> **Information provided**:
*** Block opens ***

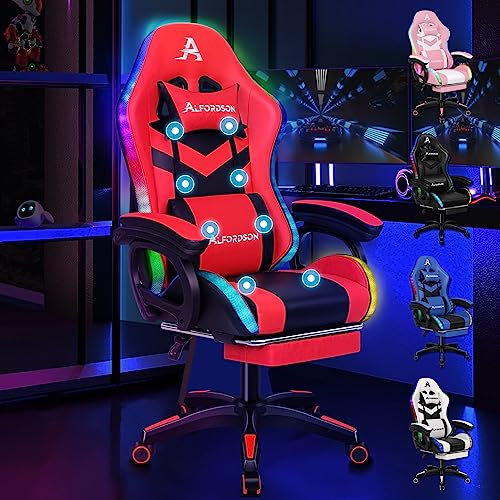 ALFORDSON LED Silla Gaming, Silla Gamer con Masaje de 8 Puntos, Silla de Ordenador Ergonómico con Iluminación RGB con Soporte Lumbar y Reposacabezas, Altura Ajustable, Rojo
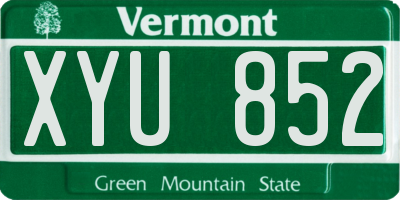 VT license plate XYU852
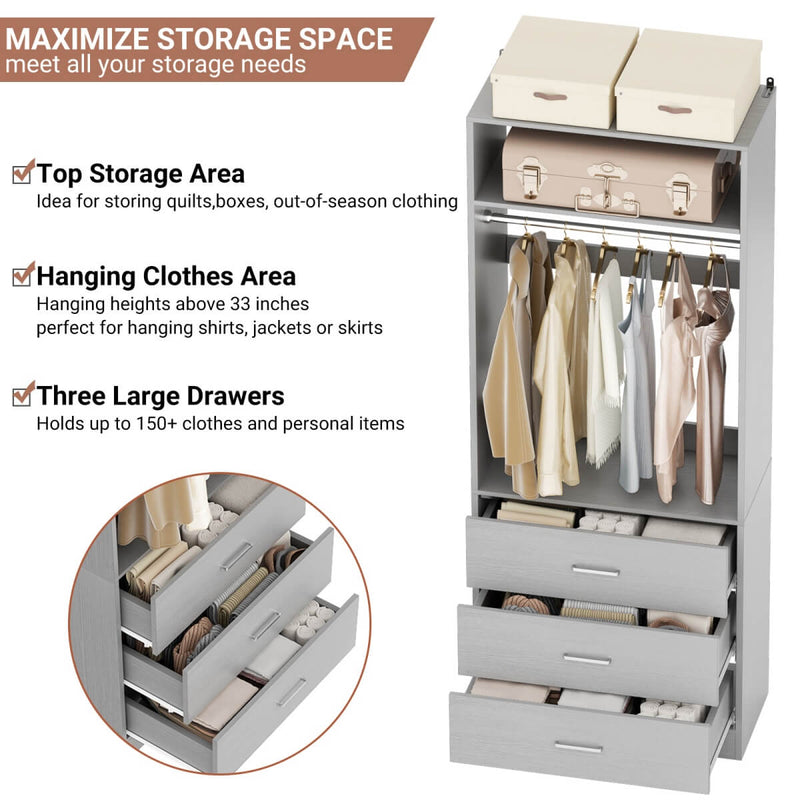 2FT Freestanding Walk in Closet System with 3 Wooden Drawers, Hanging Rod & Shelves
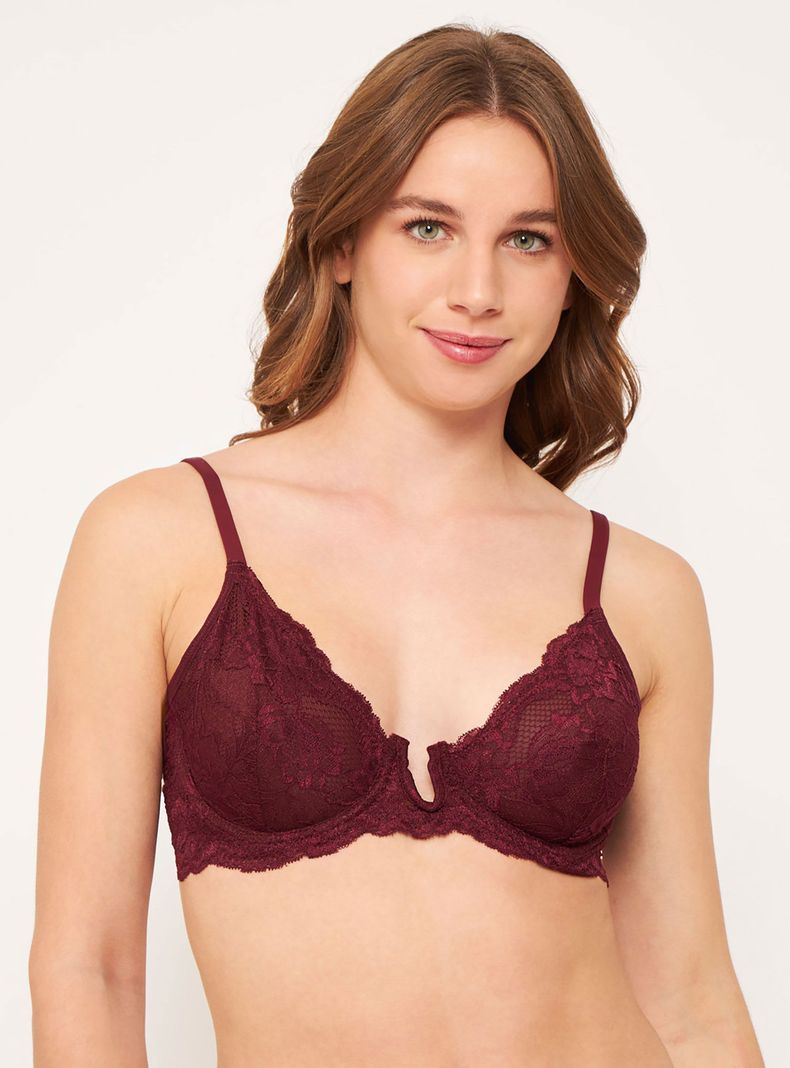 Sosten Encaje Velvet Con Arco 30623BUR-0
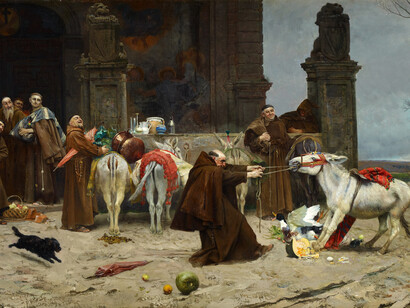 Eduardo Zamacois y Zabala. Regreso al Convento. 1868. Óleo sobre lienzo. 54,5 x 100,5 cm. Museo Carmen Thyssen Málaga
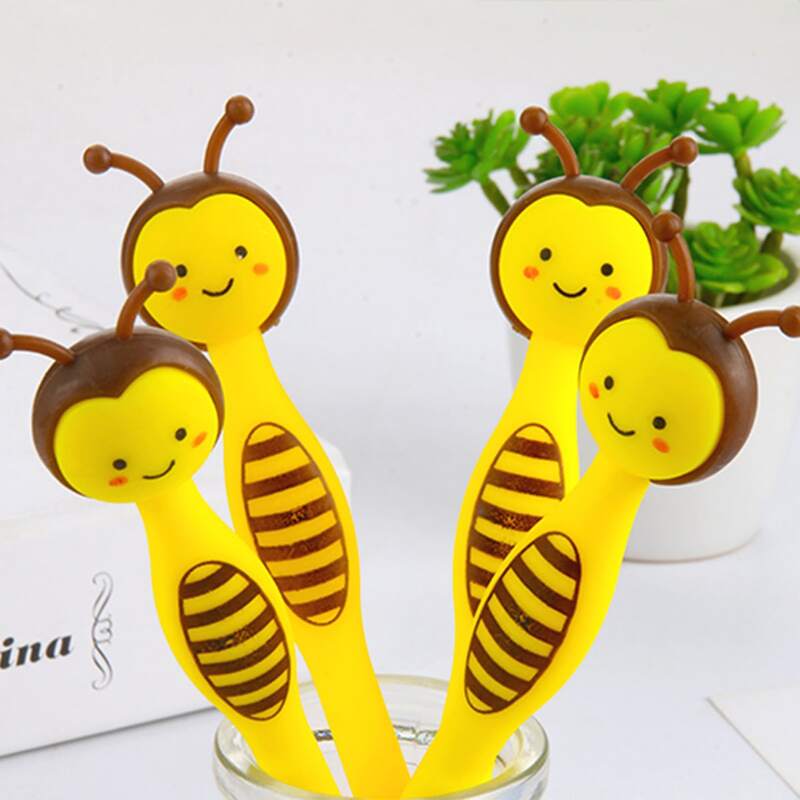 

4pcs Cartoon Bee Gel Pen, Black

*** Block closes ***
*** Block opens ***

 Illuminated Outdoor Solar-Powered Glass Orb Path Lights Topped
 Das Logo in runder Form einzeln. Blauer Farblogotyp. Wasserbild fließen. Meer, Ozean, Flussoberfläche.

*** Block closes ***

Pictures are to be left out. Write out only the lines above starting at the one with "2FT Freestanding Walk" and ending at the one with "4pcs Cartoon Bee Gel Pen, Black", both lines included, exactly.

 2FT Freestanding Walk in Closet System with 3 Wooden Drawers, Hanging Rod & Shelves
 Sosten Encaje Velvet Con Arco 30623BUR-0
 Eduardo Zamacois y Zabala. Regreso al Convento. 1868. Óleo sobre lienzo. 54,5 x 100,5 cm. Museo Carmen Thyssen Málaga

4pcs Cartoon Bee Gel Pen, Black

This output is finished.